Manikandan explains to STIR: “We wanted everyone to experience our art. Common people are not familiar with gallery spaces, so we decided to work on public walls in order to disseminate our practice. In their everyday lives, people will pass by the walls we work on. Through their day-to-day activities, they will come to understand our practice.”
Trespassers are also in dialogue with gallery culture, having recently participated in the exhibition Who Are These Outsiders? (February 4-12, 2023) followed by Outsiders (April 13-May 21, 2023), curated by the Indian artist Amitabh Kumar for Gallery XXL in Mumbai, which is a young art gallery for post-graffiti and urban contemporary art. Recently, Trespassers also collaborated with the not-for-profit organisation St+art India at Sassoon Docks, Mumbai. “[Gallery XXL], found us through St+art India and suggested we do something on canvas with them,” Manikandan says. “Sassoon docks before that was the first time we did something indoors.”
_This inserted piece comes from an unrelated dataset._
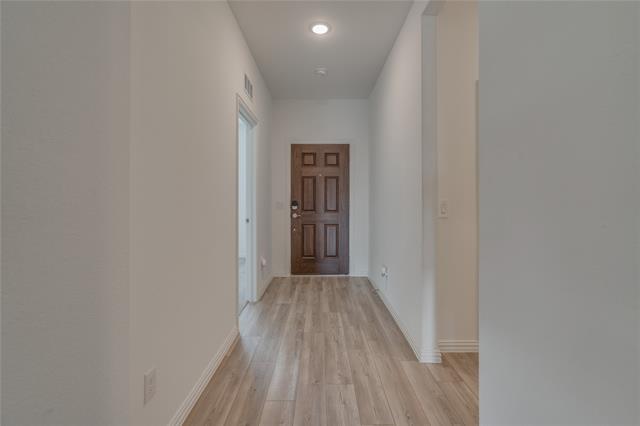 Building Photo - 316 Rangars Ridge Pl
Manikandan expresses a desire to capture the imaginations of children through the collective’s mural making practice. He points to the 19th-century Indian artist Raja Ravi Varma, who revolutionised accessibility to art in India by printing calendars featuring his work, and tells STIR: “If we successfully extend our work into the public space, then the next generation will have greater awareness of this practice, and will themselves produce graffiti art and murals in the future.” He is, however, quick to make a distinction between the two, and positions Trespassers squarely within the realm of mural making. The artist says: “We are muralists. We always ask for permission prior to beginning a mural and try to take public support or make it a collaborative process. We are contributing elements to an existing space.” While most of the public collaboration Manikandan is referring to entails creative inputs from interested onlookers, the collective has also undertaken projects in collaboration with institutions, most notably, with schools across both general and special education streams.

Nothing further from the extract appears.